By Stuart Zweben and Betsy Bizot

The results from the 46th annual CRA Taulbee Survey are presented in this pdf.Taulbee graphic The survey, conducted annually by the Computing Research Association, documents trends in student enrollment, degree production, employment of graduates, and faculty salaries in academic units in the United States and Canada that grant the Ph.D. in computer science (CS), computer engineering (CE), or information (I). Most of these academic units are departments, but some are colleges or schools of information or computing. In this report, we will use the term “department” to refer to the unit offering the program.

CRA gathers survey data during the fall. Responses received by February 17, 2017 are included in the analysis. The period covered by the data varies from table to table. Degree production and enrollment (Ph.D., Master’s, and Bachelor’s) refer to the previous academic year (2015-16). Data for new students in all categories refer to the current academic year (2016-17). Projected student production and information on faculty salaries are also for the current academic year; salaries are those effective January 1, 2017.

We surveyed a total of 268 Ph.D.-granting departments; we received salary responses from 173 and main survey responses from 168, for a total of 183 departments responding to one or both parts of the survey. The response rate was 68 percent, similar to last year’s 67 percent. The response rates from CE and Canadian departments continue to be rather low, and this year the CE response rate is the same as last year’s unusually low rate. U.S. CS, U.S. I, and Canadian response rates were similar to last year, with U.S. CS slightly up and Canadian slightly down. Figure 1 shows the history of the survey’s response rates. Response rates are inexact because some departments provide only partial data, and some institutions provide a single joint response for multiple departments. Thus, in some tables the number of departments shown as reporting will not equal the overall total number of respondents shown in Figure 1 for that category of department.

To account for the changes in response rate, we will comment not only on aggregate totals but also on averages per department reporting or data from those departments that responded to both 2015 and 2016 surveys. This is a more meaningful indication of the one-year changes affecting the data.

Departments that responded to the survey were sent preliminary results about faculty salaries in December 2016; these results included additional distributional information not contained in this report. The CRA Board views this as a benefit of participating in the survey.

Degree, enrollment, and faculty salary data for the U.S CS departments are stratified according to: a) whether the institution is public or private; and b) the tenure-track faculty size of the reporting department. The faculty size strata deliberately overlap, so that data from most departments affect multiple strata. This may be especially useful to departments near the boundary of one stratum. Salary data is also stratified according to the population of the locale in which the institution is located. These stratifications allow our readers to see multiple views of important data, and hopefully gain new insights from them. In addition to tabular presentations of data, we will use “box and whisker” diagrams to show medians, quartiles, and the range between the 10th and 90th percentile data points.

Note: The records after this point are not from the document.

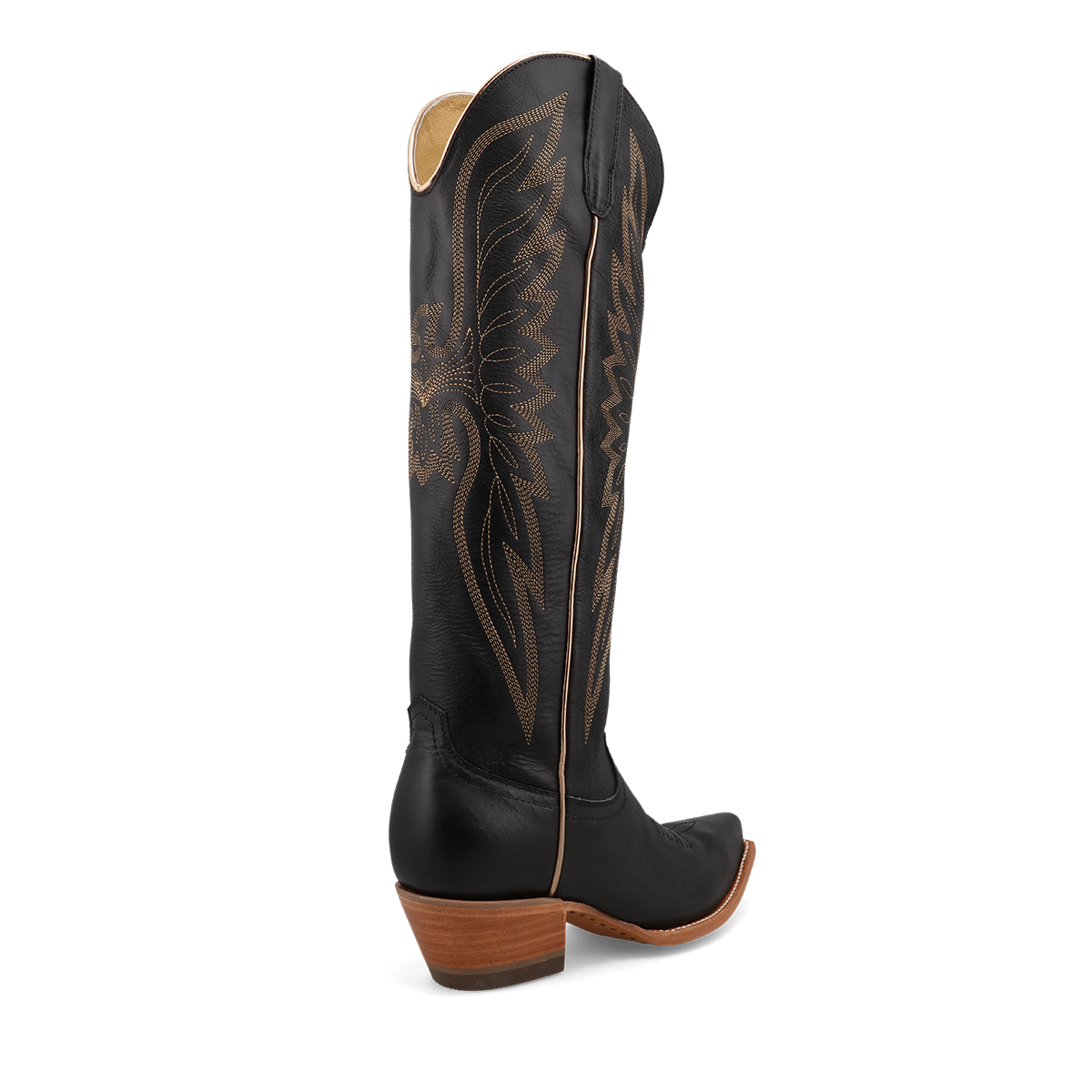 Isabel - Midnight/Copper Cover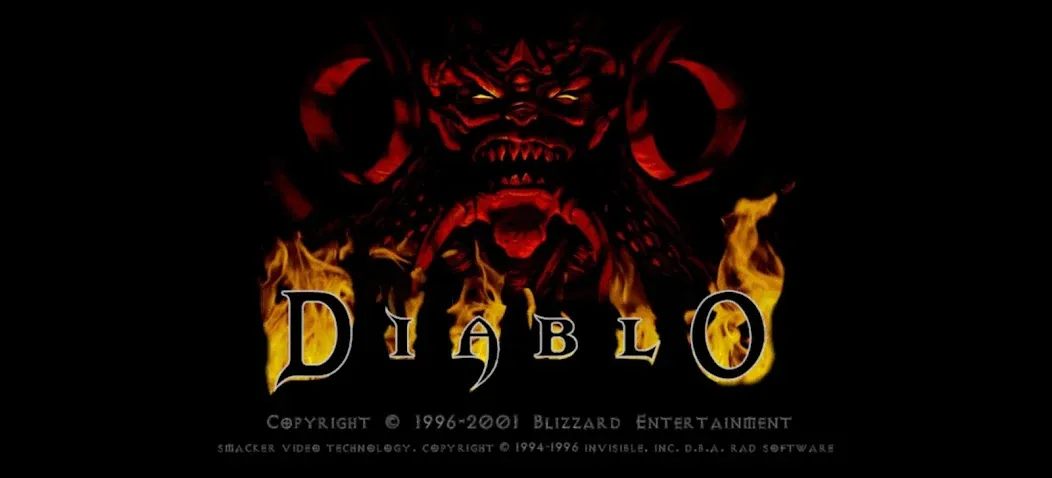 DevilutionX - Diablo 1 port (ДевилутионЭкс)  [МОД Unlocked] Screenshot 1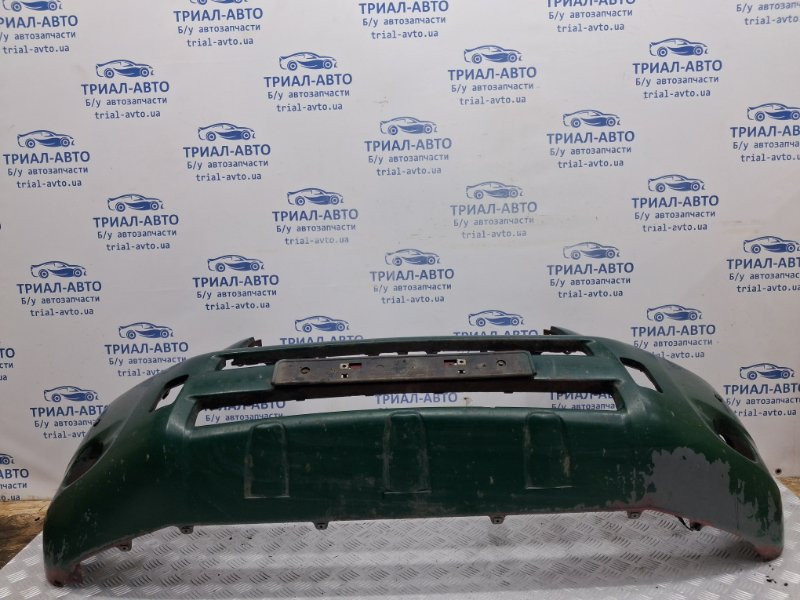 Бампер передний Toyota RAV 4 A30 2.0 БЕНЗИН 1AZFE 2005 (б/у) Київ - зображення 6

In this year’s survey, we made some modifications to the list of research areas for doctoral degree graduates in order to better reflect current areas of focus. We also began to collect enrollment data from certain key undergraduate CS courses, in a format similar to what was used in last year’s CRA Enrollment Survey, the results of which can be found at www.cra.org/data/generation-cs. This will enable some ongoing tracking of enrollment changes at a finer level of detail than is now possible with the Taulbee Survey. Finally, this year we asked departments about their interest in getting additional data about the employment of teaching faculty as part of the survey. The responses will guide decisions that will be implemented in future Taulbee Surveys.

We thank all of the respondents to this year’s questionnaire. The participating departments are listed at the end of this article. CRA member respondents will again be given the opportunity to obtain certain survey information for a self-selected peer group. Instructions for doing this will be emailed to all such departments.